The Modern Jazz Quartet was a major jazz institution, a band that, counting a seven-year “vacation,” lasted 43 years. During a time when jazz musicians were stereotyped as unreliable, rarely sober and erratic, the MJQ played at concert halls while wearing tuxedos. They are not known to have ever been late, missed a gig, or disappointed an audience.
The Modern Jazz Quartet’s evolution began in the Dizzy Gillespie big band of 1946. Due to the complexity of the charts and the strain that it caused in the trumpet section, Gillespie featured his rhythm section on an occasional number. Vibraphonist Milt Jackson (1923-1999), pianist John Lewis (1920-2001), bassist Ray Brown (1926-2002) and drummer Kenny Clarke (1914-1985) made for a very self-sufficient group and they discovered that they had a great deal of musical chemistry. That was not too surprising considering that Jackson was the new pacesetter among vibraphonists, Lewis offered a sparse and bluesy but boppish alternative to Bud Powell, Brown was a major new bass soloist, and Clarke had revolutionized the drums.
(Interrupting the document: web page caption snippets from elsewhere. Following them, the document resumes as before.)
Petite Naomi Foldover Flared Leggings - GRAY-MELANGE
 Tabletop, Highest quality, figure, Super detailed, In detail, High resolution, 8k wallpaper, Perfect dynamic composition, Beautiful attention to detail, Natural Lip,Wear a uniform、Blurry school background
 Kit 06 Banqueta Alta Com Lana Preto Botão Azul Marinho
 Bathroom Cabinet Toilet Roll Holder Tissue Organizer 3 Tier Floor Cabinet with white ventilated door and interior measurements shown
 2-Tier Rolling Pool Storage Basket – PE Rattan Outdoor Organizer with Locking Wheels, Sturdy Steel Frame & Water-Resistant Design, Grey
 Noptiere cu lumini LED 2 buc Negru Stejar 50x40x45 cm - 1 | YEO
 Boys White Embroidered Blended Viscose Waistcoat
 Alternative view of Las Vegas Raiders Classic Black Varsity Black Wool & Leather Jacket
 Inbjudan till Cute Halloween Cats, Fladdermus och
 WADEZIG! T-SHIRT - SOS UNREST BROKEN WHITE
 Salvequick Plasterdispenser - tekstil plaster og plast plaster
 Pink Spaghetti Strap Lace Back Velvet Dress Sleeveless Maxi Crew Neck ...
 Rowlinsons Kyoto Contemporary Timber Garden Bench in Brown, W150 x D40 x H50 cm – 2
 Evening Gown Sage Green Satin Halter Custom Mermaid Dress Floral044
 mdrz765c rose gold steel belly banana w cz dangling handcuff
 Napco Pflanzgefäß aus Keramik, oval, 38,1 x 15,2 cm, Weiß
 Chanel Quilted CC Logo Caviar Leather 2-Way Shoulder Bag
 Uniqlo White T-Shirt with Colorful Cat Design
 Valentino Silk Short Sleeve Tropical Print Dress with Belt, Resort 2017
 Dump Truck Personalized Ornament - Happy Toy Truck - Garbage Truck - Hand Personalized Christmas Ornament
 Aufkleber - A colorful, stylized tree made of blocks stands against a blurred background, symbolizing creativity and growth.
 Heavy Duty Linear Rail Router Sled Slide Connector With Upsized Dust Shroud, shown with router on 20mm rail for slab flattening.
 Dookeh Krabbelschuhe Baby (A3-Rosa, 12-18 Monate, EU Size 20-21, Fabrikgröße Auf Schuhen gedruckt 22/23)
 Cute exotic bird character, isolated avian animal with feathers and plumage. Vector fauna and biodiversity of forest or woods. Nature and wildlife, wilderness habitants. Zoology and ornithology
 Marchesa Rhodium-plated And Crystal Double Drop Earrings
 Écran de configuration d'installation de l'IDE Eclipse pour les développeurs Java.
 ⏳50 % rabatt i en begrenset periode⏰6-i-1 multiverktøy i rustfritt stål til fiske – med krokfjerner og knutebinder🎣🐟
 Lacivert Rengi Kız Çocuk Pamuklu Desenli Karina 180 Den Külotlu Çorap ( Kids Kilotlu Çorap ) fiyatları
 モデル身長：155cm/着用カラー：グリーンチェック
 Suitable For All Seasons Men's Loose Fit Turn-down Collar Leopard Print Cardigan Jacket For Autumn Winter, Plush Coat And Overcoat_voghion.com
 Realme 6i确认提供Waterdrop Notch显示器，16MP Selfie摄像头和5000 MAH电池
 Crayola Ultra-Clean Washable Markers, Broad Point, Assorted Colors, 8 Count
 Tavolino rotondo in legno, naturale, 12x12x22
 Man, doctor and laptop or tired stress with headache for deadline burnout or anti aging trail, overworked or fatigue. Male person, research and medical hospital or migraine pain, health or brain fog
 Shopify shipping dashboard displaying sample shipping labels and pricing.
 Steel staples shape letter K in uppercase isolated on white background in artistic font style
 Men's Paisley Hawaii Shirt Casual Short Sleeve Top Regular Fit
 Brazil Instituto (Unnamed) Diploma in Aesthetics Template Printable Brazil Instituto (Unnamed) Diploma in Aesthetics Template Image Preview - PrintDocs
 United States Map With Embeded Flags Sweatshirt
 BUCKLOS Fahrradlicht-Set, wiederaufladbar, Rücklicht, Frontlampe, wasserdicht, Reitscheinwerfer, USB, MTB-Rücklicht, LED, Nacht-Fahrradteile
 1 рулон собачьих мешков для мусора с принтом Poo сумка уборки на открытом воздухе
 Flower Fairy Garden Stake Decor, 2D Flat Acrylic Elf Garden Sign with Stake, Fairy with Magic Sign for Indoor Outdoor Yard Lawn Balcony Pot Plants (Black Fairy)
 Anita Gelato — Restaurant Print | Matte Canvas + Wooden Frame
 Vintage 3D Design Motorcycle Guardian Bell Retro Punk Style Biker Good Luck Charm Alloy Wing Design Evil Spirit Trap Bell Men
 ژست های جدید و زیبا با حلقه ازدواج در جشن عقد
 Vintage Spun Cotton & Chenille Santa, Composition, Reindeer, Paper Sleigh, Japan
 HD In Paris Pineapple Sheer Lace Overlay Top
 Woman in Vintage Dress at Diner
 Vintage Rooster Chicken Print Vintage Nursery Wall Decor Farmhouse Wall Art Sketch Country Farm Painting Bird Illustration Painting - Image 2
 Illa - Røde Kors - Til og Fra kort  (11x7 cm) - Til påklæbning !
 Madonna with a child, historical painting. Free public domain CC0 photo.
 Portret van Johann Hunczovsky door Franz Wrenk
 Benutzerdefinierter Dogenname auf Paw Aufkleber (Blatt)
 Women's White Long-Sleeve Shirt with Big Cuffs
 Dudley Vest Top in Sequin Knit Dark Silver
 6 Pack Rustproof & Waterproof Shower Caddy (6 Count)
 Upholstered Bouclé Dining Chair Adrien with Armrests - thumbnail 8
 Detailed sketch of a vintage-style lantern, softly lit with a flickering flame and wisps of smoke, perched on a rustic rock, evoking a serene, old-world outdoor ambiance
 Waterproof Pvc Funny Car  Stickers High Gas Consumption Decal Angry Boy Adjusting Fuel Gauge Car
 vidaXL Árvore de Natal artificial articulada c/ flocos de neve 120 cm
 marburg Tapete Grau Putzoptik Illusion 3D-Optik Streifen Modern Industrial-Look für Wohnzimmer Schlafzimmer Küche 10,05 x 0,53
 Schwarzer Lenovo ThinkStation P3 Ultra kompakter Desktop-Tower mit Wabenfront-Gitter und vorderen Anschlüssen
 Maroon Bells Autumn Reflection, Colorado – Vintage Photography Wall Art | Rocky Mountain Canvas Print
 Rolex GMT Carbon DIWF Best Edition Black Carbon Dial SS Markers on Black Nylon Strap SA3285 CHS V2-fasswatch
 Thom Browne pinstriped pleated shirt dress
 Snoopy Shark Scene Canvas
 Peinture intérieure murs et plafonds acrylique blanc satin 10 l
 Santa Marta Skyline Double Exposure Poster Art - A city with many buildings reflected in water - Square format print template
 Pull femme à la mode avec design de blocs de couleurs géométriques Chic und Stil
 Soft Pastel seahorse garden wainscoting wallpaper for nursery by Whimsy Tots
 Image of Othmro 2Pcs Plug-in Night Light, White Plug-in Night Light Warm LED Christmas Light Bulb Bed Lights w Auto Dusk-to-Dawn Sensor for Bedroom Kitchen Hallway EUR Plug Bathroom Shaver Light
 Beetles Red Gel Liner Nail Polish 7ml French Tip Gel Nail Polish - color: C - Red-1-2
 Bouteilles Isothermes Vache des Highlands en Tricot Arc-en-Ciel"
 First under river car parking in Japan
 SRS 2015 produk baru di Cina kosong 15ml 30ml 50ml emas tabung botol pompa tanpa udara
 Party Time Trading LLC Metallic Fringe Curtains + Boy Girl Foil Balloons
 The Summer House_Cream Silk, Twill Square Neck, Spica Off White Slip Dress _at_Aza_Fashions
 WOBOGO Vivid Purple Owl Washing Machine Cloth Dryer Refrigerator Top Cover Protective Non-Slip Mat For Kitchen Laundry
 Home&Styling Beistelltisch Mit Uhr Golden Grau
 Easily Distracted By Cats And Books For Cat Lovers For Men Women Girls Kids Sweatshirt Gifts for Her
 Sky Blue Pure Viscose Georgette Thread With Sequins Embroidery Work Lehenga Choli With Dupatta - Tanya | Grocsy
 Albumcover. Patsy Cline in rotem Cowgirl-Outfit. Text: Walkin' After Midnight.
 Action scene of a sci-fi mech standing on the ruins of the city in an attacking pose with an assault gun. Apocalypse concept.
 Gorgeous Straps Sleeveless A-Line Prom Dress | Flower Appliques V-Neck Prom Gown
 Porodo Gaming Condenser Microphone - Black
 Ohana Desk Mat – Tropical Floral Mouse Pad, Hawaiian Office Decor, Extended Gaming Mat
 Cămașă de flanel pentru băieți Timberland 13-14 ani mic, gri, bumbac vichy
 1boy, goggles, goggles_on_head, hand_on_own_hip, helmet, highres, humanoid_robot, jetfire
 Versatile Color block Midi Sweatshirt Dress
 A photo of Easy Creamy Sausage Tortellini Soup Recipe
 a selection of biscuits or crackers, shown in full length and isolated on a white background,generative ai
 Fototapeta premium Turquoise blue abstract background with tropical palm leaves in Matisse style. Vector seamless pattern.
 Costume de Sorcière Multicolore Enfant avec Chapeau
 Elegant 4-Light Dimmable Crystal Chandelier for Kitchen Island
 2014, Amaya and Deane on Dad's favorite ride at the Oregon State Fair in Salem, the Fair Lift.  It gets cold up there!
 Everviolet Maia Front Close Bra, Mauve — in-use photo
A few years passed and in 1951 the Milt Jackson Quartet was formed with those four players. Brown soon left to join Oscar Peterson and was succeeded by Percy Heath (1923-2005), the oldest of the Heath brothers who had also worked with Dizzy Gillespie and the other bop greats. The MJQ made their recording debut in 1952 for the Prestige label and their first successes were for that label.